CAPÍTULO CXCIX
Foi a comadre do Rubião, que o agasalhou e mais ao cachorro, vendo-os
passar defronte da porta. Rubião conheceu-a, aceitou o abrigo e o almoço.
— Mas que é isso, seu compadre? Como foi que chegou assim? Sua roupa
está toda molhada. Vou dar-lhe umas calças de meu sobrinho.
Rubião tinha febre. Comeu pouco e sem vontade. A comadre pediu-lhe contas
da vida que passara na Corte, ao que ele respondeu que levaria muito tempo, e só a
posteridade a acabaria. Os sobrinhos de seu sobrinho, concluiu ele magnificamente,
que hão de ver-me em toda a minha glória. Começou, porém, um resumo. No fim de
dez minutos, a comadre não entendia nada, tão desconcertados eram os fatos e os
conceitos; mais cinco minutos, entrou a sentir medo. Quando os minutos chegaram
a vinte, pediu licença e foi a uma vizinha dizer que Rubião parecia ter virado o juízo.
Voltou com ela e um irmão, que se demorou pouco tempo e saiu a espalhar a nova.
Vieram vindo outras pessoas, às duas e às quatro, e, antes de uma hora, muita
gente espiava da rua.
— Ao vencedor, as batatas! -- bradava Rubião aos curiosos. Aqui estou
imperador! Ao vencedor, as batatas!
Esta palavra obscura e incompleta era repetida na rua, examinada, sem que
lhe dessem com o sentido. Alguns antigos desafetos do Rubião iam entrando, sem
cerimônia, para gozá-lo melhor; e diziam à comadre que não lhe convinha ficar com
um doudo em casa, era perigoso; devia mandá-lo para a cadeia, até que a
autoridade o remetesse para outra parte. Pessoa mais compassiva lembrou a
conveniência de chamar o doutor.
— Doutor para quê? acudiu um dos primeiros. Este homem está maluco.
— Talvez seja delírio de febre; já viu como está quente?
Angélica, animada por tantas pessoas, tomou-lhe o pulso, e achou-o febril.
Mandou vir o médico, — o mesmo que tratara o finado Quincas Borba. Rubião
conheceu-o também; e respondeu-lhe que não era nada. Capturara o rei da Prússia,
não sabendo ainda se o mandaria fuzilar ou não; era certo, porém, que exigiria uma
indenização pecuniária enorme, - cinco biliões de francos.
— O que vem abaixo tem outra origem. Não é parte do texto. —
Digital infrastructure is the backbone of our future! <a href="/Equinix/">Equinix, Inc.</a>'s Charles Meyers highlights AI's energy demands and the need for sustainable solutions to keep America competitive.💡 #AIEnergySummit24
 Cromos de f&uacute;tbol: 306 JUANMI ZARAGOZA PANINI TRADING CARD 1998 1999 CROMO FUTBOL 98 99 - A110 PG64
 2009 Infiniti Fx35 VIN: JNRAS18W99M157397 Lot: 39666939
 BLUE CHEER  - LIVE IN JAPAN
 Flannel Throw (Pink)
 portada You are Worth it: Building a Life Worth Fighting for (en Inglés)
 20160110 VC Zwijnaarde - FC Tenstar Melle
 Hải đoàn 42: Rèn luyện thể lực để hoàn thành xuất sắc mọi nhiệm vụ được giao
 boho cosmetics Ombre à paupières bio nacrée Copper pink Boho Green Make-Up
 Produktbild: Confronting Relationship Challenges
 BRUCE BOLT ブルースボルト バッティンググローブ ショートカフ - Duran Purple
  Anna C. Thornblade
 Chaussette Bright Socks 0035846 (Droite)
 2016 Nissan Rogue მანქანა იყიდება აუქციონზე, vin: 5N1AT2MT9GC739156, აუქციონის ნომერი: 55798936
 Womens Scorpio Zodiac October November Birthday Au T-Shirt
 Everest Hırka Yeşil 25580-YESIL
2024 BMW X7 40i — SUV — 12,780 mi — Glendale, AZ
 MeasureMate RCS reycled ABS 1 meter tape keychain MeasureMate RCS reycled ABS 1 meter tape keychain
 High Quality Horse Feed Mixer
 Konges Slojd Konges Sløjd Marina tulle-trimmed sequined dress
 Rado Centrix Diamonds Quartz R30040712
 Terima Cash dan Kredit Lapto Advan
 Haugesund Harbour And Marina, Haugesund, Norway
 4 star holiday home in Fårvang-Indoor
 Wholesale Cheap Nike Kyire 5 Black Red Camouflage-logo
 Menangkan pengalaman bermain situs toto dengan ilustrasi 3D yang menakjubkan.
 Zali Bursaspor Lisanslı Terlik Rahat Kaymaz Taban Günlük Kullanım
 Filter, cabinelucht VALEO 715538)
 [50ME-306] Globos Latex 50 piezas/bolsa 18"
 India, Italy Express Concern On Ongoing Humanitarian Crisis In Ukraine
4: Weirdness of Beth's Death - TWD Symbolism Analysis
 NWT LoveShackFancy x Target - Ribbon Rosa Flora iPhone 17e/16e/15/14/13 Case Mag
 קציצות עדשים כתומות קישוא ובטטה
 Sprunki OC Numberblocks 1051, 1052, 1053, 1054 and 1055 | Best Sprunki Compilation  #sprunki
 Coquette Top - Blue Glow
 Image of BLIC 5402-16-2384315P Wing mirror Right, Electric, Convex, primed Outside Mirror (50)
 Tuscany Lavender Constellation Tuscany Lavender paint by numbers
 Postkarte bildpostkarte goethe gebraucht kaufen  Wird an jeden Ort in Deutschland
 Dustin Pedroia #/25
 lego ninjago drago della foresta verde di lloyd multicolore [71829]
— Ao vencedor, as batatas! concluiu rindo.
CAPÍTULO CC
Poucos dias depois morreu... Não morreu súbdito nem vencido. Antes de
principiar a agonia, que foi curta, pôs a coroa na cabeça, — uma coroa que não era,
ao menos, um chapéu velho ou uma bacia, onde os espectadores palpassem a
ilusão. Não, senhor; ele pegou em nada, levantou nada e cingiu nada; só ele via a
insígnia imperial, pesada de ouro, rútila de brilhantes e outras pedras preciosas. O
esforço que fizera para erguer meio corpo não durou muito; o corpo caiu outra vez; o
rosto conservou porventura uma expressão gloriosa.
— Guardem a minha coroa, murmurou. Ao vencedor...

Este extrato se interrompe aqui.